Возмущенный заявлениями российского двора, Гаррис наговорил графу Панину немало резкостей. «Прошло четыре месяца (с января по май 1778 г.) в размышлениях, – писал посол, – и мы получаем отказ, который мог бы быть дан с самого начала наших переговоров». Решительный отказ императрицы «может показаться несогласным с теми чувствами горячего расположения к союзу с нами, которые выражены в ноте, переданной мне его превосходительством (Паниным – Т.Л.)». Английские предложения, продолжал Гаррис, всегда принимались императрицей «с видом полного одобрения, на самом деле всегда оставались отвергнутыми». Такое положение дел может повлечь за собой «уменьшение того высокого мнения в обоюдной добросовестности и политической честности, которое справедливо установилось между обоими дворами». Английское правительство может заметить, продолжал Гаррис, что «мы не встречаем той готовности исполнить нашу просьбу, с какою мы сами всегда спешили удовлетворить его (т.е. русского двора) желание».

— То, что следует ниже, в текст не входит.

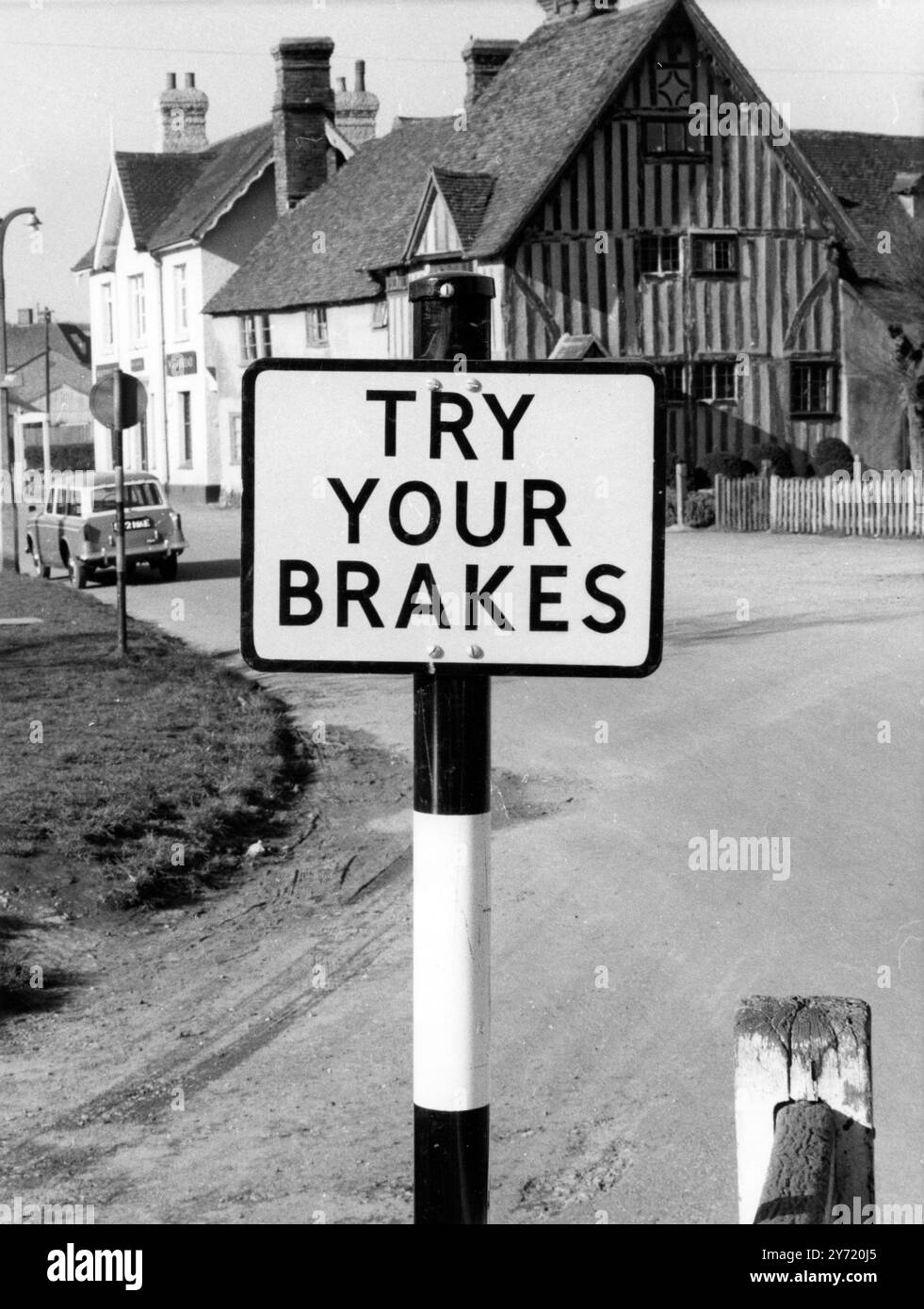 Anche se l'esperto automobilista non avrà bisogno di dire questo cartello vale la pena di avvertire gli automobilisti di provare i freni dopo aver attraversato una ford . Si può vedere a Eynsford , Kent , Inghilterra , dove scorre un guado adiacente al vecchio ponte sul fiume Darent . 11 febbraio 1960 Foto Stock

Полученная нота убедила Гарриса в том, что русский двор не имеет «ни малейшего расположения согласиться на союз с Англией на каких бы то ни было условиях». Гаррис обосновывал свое заключение тем, что императрица, не вступая с ним в прения, не интересуясь теми изменениями, которые он был уполномочен предложить, не прислушиваясь к неоднократным его предложениям пересмотреть и заново составить трактат, дала ответ, «уже сам по себе довольно определительный, но который еще уясняется комментариями и общим поведением ее министров». Раздосадованный неудачей исхода дела Гаррис не мог сдержать себя, заключая: «Не могу … не утешить себя мыслью, что прежде чем Россия существовала, мы уже были великим народом; что мы отражали и побеждали врагов без ее помощи, и что без сомнения наступит такое время, когда мы гораздо более будем необходимы для них, чем сами теперь в них нуждаемся»453.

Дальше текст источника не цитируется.